Apollo Avatar Controller
Originally
ADR-0087-Apollo-Avatar-Controller (v4) · Source on Confluence ↗Avatar Controller
Context
We postulated the existence of the Avatar - a per-UAV Kubernetes deployment that mediates between the UAV and everything else. We didn’t however decide how:
- it comes/ceases to be;
- becomes connected to the UAV;
- its client learn about its existence and whereabouts;
Decision
Inventory
There shall be the DroneUp Inventory - an externally accessible (e.g.: inventory.droneup.cloud), per-environment (e.g.: inventory.test.droneup.cloud), where UAVs periodically check-in/announce their presence and become discoverable. A UAV is attached to an environment by being manually-/factory- provisioned with the Inventory’s host address and mTLS client certificate, with which they can authenticate themselves to the Inventory. All factory-provisioned UAVs could initially share the same client certificate, but on the first check-in the Inventory should generate/issue them personalized certificates. The Inventory is the only entity a UAV trusts out of the box.
![]()
The need to provision a new certificate is hopefully seen as well-founded, but this won’t happen often and to return the certificate in response to the periodic check-in sounds like mixing unrelated needs. It also seems like there will be things (other than certificates) that the Inventory will want to say to the UAVs. The Inventory is the only thing a UAV trusts so surely it’s the only thing that can tell it to trust something else (like its Avatar).

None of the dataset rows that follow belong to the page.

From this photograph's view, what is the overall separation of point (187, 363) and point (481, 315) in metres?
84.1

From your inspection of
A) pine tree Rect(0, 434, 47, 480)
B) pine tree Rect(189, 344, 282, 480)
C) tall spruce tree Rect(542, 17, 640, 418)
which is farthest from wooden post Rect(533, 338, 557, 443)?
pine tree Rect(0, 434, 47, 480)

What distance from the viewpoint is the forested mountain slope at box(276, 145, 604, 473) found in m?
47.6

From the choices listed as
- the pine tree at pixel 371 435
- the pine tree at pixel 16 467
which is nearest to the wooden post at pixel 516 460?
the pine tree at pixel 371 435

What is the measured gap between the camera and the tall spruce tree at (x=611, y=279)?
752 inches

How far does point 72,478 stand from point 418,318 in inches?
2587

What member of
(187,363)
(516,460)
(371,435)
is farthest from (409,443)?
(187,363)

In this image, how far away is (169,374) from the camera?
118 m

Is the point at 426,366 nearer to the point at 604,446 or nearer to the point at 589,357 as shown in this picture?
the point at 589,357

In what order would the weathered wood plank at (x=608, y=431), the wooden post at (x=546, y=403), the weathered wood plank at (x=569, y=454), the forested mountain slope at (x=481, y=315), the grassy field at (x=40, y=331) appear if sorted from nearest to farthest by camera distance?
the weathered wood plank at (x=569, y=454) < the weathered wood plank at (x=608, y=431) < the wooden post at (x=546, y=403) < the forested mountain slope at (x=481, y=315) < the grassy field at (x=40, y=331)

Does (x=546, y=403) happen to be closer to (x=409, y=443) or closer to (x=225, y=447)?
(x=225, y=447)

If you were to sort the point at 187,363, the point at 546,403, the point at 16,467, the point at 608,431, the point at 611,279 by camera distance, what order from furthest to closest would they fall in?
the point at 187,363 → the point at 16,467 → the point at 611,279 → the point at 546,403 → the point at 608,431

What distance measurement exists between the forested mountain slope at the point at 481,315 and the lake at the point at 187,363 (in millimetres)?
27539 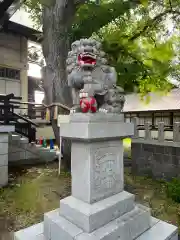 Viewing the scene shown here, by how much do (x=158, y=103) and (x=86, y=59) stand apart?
13.6 m

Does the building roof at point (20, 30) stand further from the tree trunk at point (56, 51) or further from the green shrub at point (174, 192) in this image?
the green shrub at point (174, 192)

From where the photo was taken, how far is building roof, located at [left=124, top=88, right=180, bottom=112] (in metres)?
14.5

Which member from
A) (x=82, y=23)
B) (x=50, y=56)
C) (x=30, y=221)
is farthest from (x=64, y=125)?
(x=82, y=23)

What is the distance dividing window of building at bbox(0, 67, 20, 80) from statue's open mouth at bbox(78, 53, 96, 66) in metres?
11.3

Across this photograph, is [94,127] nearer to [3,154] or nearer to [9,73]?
[3,154]

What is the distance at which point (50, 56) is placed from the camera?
829 centimetres

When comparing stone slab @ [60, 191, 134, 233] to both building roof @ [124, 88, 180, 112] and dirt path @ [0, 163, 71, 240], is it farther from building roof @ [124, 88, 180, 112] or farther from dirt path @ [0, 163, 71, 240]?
building roof @ [124, 88, 180, 112]

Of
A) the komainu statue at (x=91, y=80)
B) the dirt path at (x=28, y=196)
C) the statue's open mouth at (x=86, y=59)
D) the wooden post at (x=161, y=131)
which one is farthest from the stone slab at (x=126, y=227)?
the wooden post at (x=161, y=131)

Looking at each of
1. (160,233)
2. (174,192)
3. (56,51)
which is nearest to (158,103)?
(56,51)

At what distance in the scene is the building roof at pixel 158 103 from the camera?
14.5 m

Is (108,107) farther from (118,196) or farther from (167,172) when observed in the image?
(167,172)

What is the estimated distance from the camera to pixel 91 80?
3.21 meters

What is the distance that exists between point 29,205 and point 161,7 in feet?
38.2

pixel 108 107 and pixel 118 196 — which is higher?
pixel 108 107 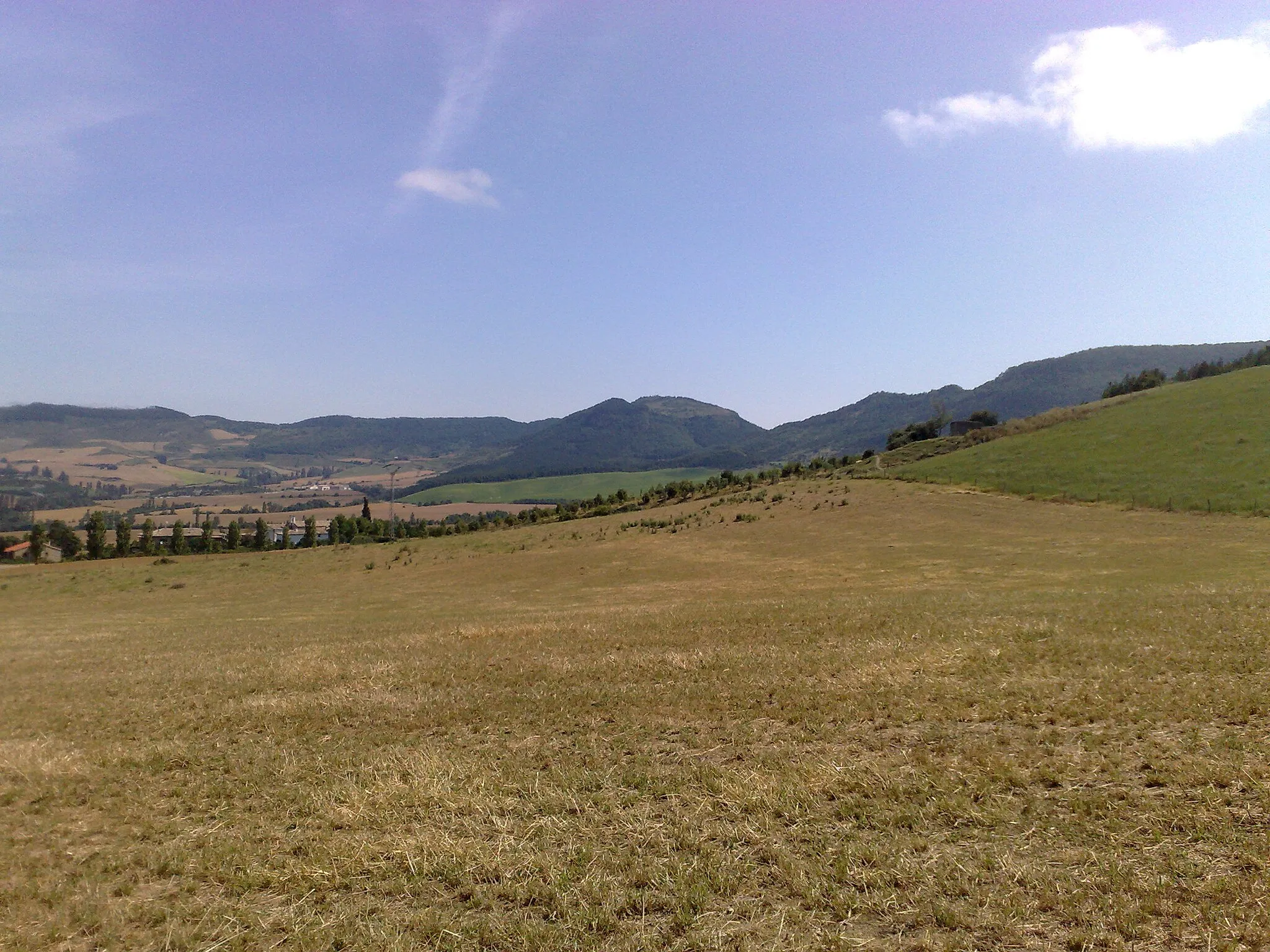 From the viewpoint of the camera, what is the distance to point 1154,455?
2323 inches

And since we don’t want to wait a couple of minutes for the UAV to work out that it needs connect to its Avatar, let’s replace the periodic check-in with a standing subscription for generic commands. gRPC, which we’re already investing into, is a good candidate communication mechanism for this.
![]()
And since each command would benefit from a response to it communicated back to the Inventory, we may be able to establish a request response RPC with the UAV acting like the server.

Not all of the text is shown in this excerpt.